Aquel día, 11 de septiembre de 1810, la vida de los dos enamorados, dio un vuelco inesperado. Al llegar a su domicilio, se encontraron con la terrible noticia de que doña Gertrudis, madre de María, había muerto repentinamente en los lavaderos comunes de la vecindad, un dolor en el pecho fue el único anuncio de su muerte. Pablo intentó en vano consolar a María, que abatida, solo atinaba a decir, ¡no le hice caso!…. ¡no le hice caso! y escondía el rostro en el rebozo. Ambos velaron a doña Gertrudis aquella noche y al medio día siguiente, seguida de un sencillo cortejo, fue sepultada en el panteón de la Veracruz –actual Plaza General Anaya frente a la Casa Rule–. Después de la ceremonia, regresaron a la vecindad, María era una esfinge, ya no decía palabra, ni derramaba lágrima alguna. Repetidamente desdeñó toda muestra de cariño de Pablo, se encerró en su vivienda, sin responder a los llamados ni del enamorado ni de sus vecinos.

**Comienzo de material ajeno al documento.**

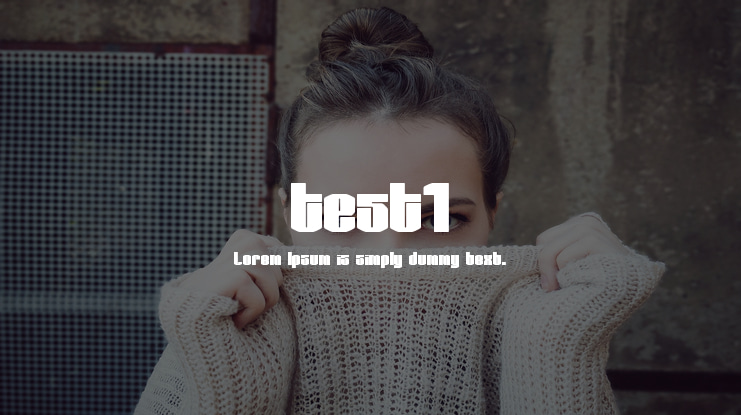 test1 Font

Al día siguiente, Pablo intentó nuevamente consolarla, pero María no respondió con señal alguna; así transcurrieron dos o tres días, hasta que Pablo, desesperado echó abajo la puerta, encontrando que en el interior no había nadie. María se había marchado sin dejar mensaje alguno, todo el menaje de casa estaba intacto, la ropa de María continuaba colgada en el improvisado ropero, todo estaba allí, menos María. Pablo no disimuló el dolor que aquello le causó, salió de prisa, primero caminando con apresurados pasos, luego en vertiginosa carrera, llegó hasta la Plaza Mayor, después se perdió entre los puestos de la plaza de Mercaderes, de donde salió para dirigirse tras atravesar el puente de gallo (frente a la Parroquia de la Asunción) al mercado de la fruta, en todas partes su plegaria era la misma, ¡No han visto a María Bonita!, mote con el que se le conocía en aquel todavía pequeño Real de Minas, pero nadie respuesta de su paradero.

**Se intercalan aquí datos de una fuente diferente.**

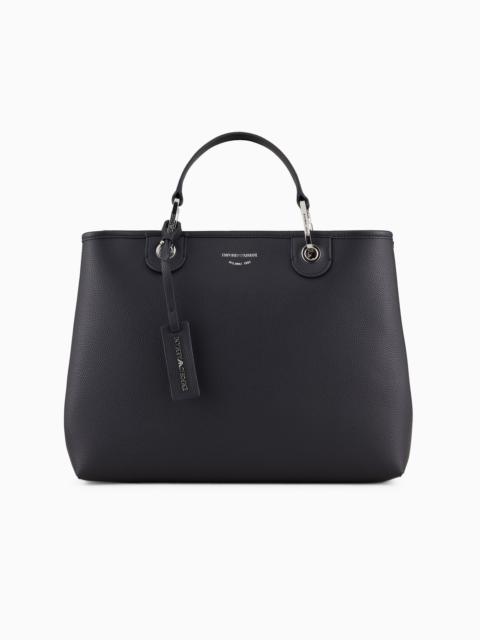 EMPORIO ARMANI Medium MyEA shopper bag with deer print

La búsqueda frenética de Pablo continuó por varios días, mas nada se supo ya de María, Pablo fue perdiendo toda conciencia de la realidad, medio comía y medio dormía, los días pasaron sin que se aseara, hasta quedar en andrajos mal olientes. Un día, cansado de tanto buscar y vencido por la inanición generada ante la falta de alimento, sentó sus reales en el que hoy llaman callejón de Rayón, mismo que desemboca en la calle de Patoni, a un lado del actual mercado Primero de Mayo; allí teniendo por techo un improvisado cobertizo y por asiento un desvencijado cajón de madera, acompañado de su perro “negrito” vivió sus últimos días, que fueron los transcurridos, entre el 8 de noviembre de 1810 y el 23 abril de 1812, fecha ésta en que los insurgentes entraron a Pachuca y prendieron fuego a la villa hasta convertirla a decir de Carlos María Bustamante en una “Nueva Troya”; aquella noche, murió Pablo Gonzaga, muchos dicen que de la tristeza que le provocó la huída de María Terrado la “María Bonita”, otros señalan que fue víctima de la refriega entre insurgentes y realistas, ya no se indagó más, pero lo cierto es que los habitantes del Real de Pachuca, bautizaron aquel callejón sin nombre hasta entonces, como el “Callejón del Indio Triste”, designación con la que aún se le conocía a principios del siglo 20 y que es hoy parte de la reducida calle de Rayón. Hay quien asegura que tal designación fue copiada de una calle de la ciudad de México, mas los hechos de aquel sucedido, recogidos por la conseja popular, se trasmitieron de generación en generación, yo la escuché y soy el vehículo para trasmitirlo a quienes hoy lo lean en esta crónica, que seguramente divulgarán.